Quelles que soient la noirceur ou la noblesse de leurs motivations, les raisons déclenchant l'apparition des différentes Armées Rebels se ramenaient toutes à un seul constat : la vie était devenue insoutenable, et ils s'étaient rebellés !
Gu Hang, quant à lui, y voyait une opportunité propice à la réconciliation.
Dorénavant, après avoir essuyé des défaites, beaucoup d'entre eux ne se risquaient même plus à agir au grand jour. C'était le moment pour Salihoovich d'intervenir. S'il parvenait à négocier et à les intégrer au système du Gouvernement Planétaire, ils seraient purement et simplement absorbés. La loi martiale pourrait alors être progressivement levée pour observer l'évolution de la situation.
Des problèmes tels que les bandes criminelles, les alliances de monopole régional ou les Sectes... ceux-là pouvaient se révéler plus complexes à gérer que l'Armée Rebelle. Leurs exigences étaient plus labyrinthiques, leurs appétits plus voraces. Surtout les Sectes, qui n'offraient pratiquement aucun terreau viable pour un quelconque dialogue.
Mais quelle que soit la cible visée, la multitude de collaborateurs mobilisés depuis le Département des Affaires Étrangères et celui du Commerce, pilotés par Salihoovich, avait pour tâche d'élaborer des stratégies sur mesure adaptées aux spécificités et aux revendications de chaque faction. Ceux qui pouvaient être intégrés le seraient ; ceux qui ne le pouvaient pas seraient éliminés sans ménagement.

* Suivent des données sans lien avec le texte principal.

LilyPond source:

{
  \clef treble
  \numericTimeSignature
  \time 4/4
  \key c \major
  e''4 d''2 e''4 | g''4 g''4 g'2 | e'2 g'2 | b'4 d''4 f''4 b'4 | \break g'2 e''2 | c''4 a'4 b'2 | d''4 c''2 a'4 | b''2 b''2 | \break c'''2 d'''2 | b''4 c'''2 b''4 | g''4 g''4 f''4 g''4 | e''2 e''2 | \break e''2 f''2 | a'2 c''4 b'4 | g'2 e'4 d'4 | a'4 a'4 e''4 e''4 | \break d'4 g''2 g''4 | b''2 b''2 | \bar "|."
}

Le travail de Salihoovich était important, mais pas le plus déterminant.
Qu'il s'agisse d'absorber des factions après des négociations fructueuses ou de reconstruire après des frappes dévastatrices suite à des échecs, chacune de ces phases nécessitait une deuxième vague de cadres et de spécialistes.
La Première Ministre de l'Alliance, Madame Osenia, était déjà arrivée sur Korolya.
Un mois plus tôt, avec Gu Hang nommé Gouverneur, Korolya avait officiellement rejoint l'Alliance, l'organisation planétaire. Il était donc naturel que la Première Ministre vienne inspecter ce territoire émergé soudainement, dont la population dépassait de quatre-vingts fois celle de l'Alliance originelle.